» **ABOUT THIS EXERCISE**
Nothing beyond the line containing "Moderne Lotus Banquette" is to be printed; print exactly each line from the start of the records below through that line, leaving out pictures.

Caption-style text data
--- START ---

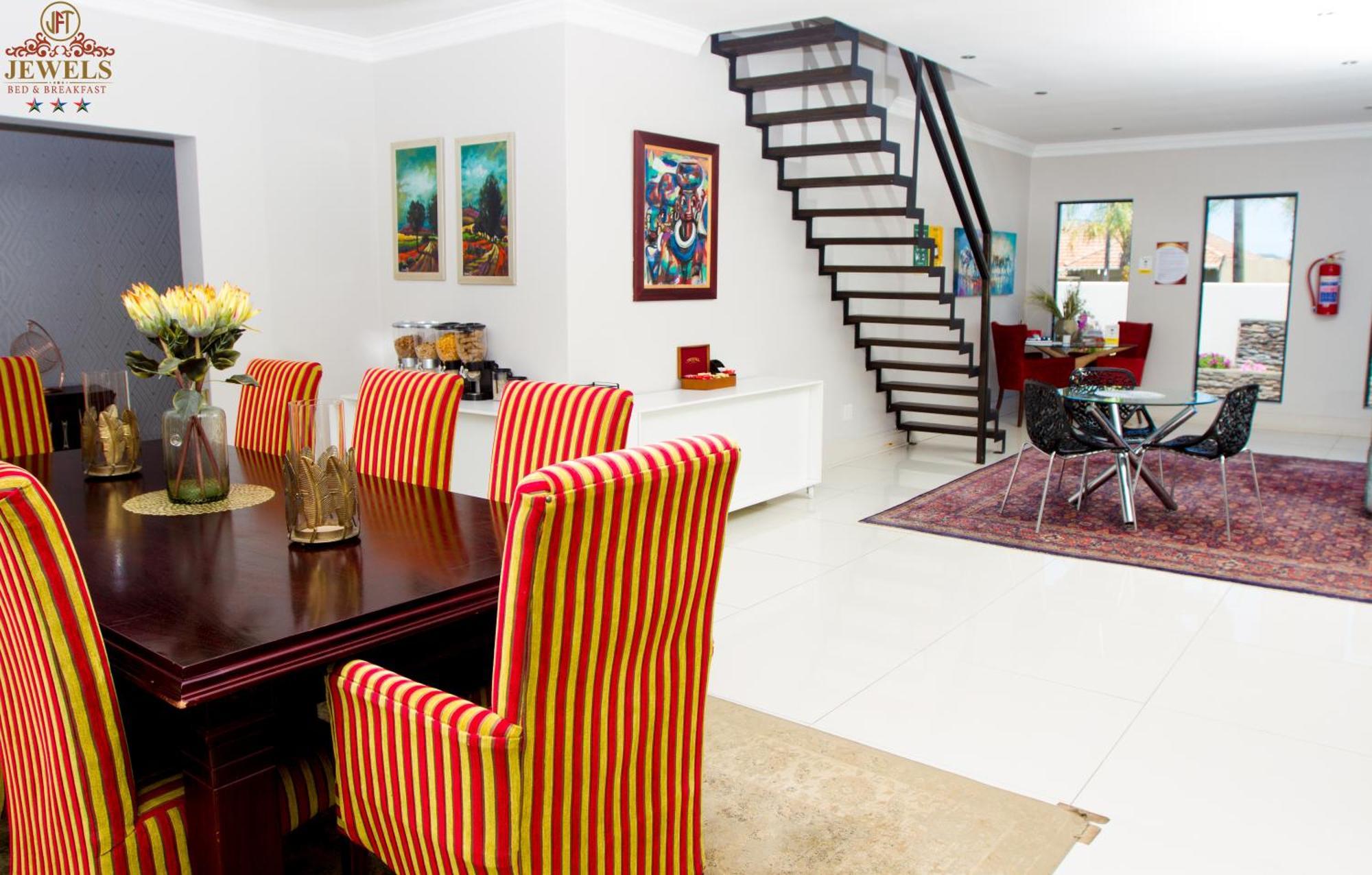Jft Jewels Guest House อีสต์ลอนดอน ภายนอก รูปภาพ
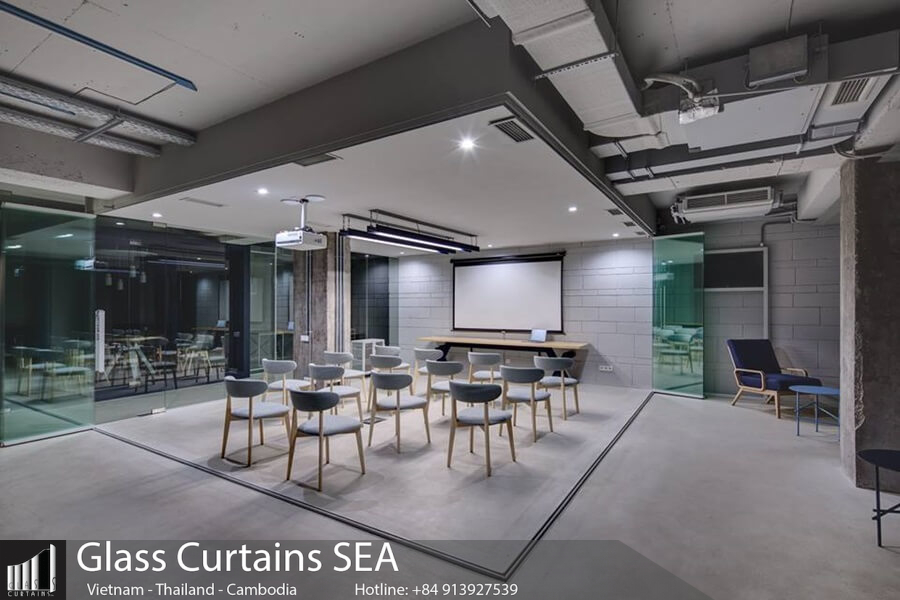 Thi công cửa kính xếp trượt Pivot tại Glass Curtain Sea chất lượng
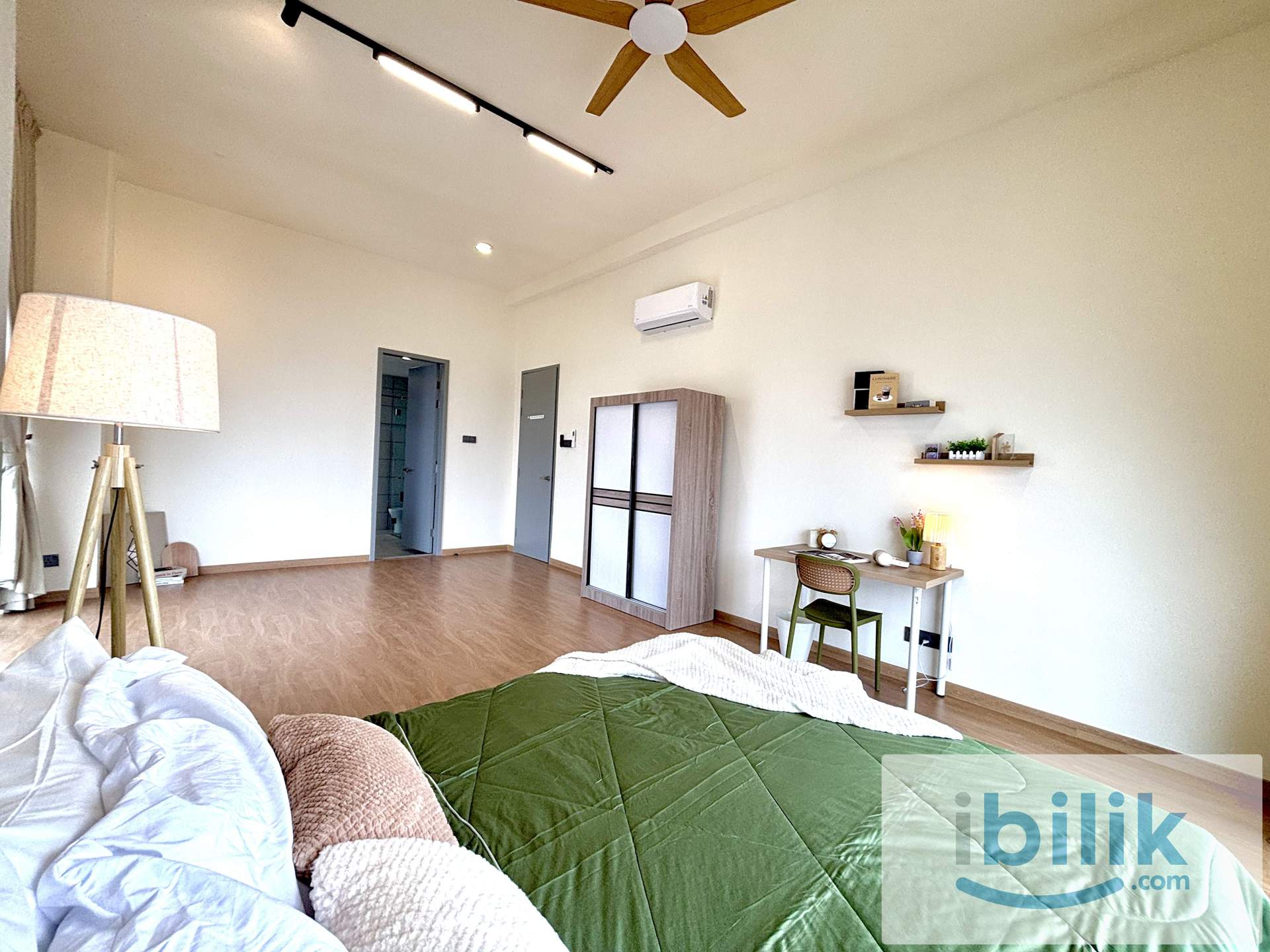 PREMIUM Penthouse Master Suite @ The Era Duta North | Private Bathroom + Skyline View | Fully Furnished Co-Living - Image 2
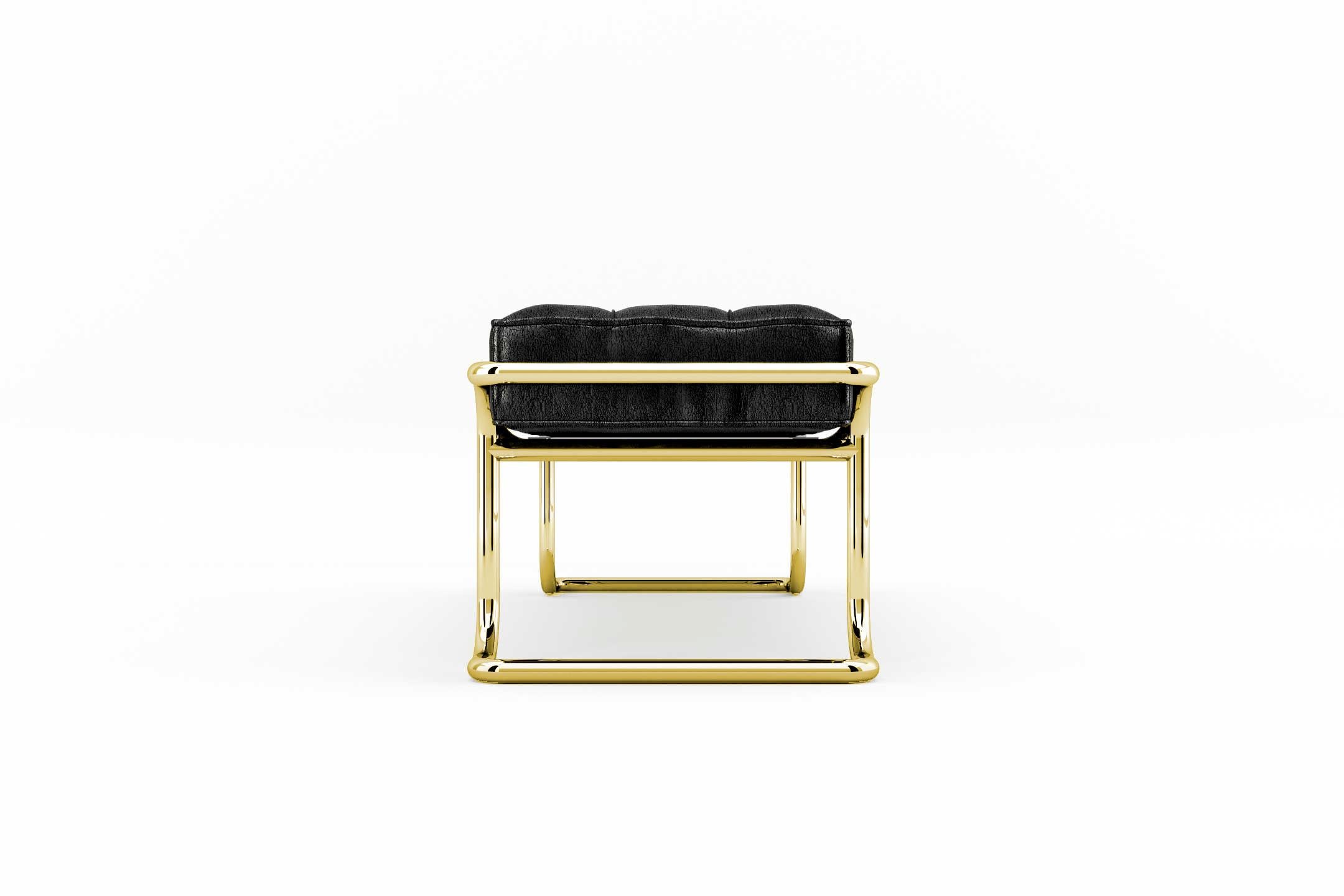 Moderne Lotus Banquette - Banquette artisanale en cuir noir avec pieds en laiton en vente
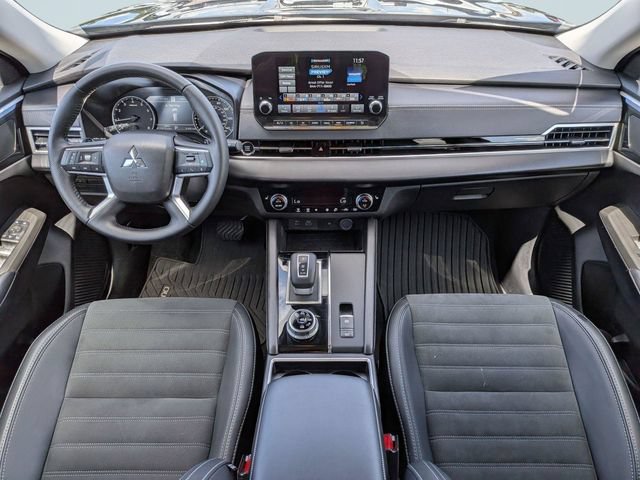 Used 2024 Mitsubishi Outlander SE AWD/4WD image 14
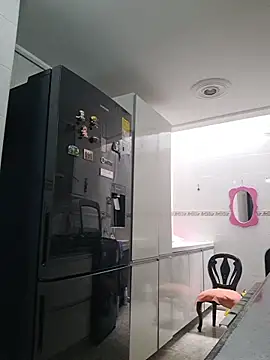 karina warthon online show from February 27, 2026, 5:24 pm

--- END ---

» **RESPONSE AREA**
Jft Jewels Guest House อีสต์ลอนดอน ภายนอก รูปภาพ
 Thi công cửa kính xếp trượt Pivot tại Glass Curtain Sea chất lượng
 PREMIUM Penthouse Master Suite @ The Era Duta North | Private Bathroom + Skyline View | Fully Furnished Co-Living - Image 2
 Moderne Lotus Banquette - Banquette artisanale en cuir noir avec pieds en laiton en vente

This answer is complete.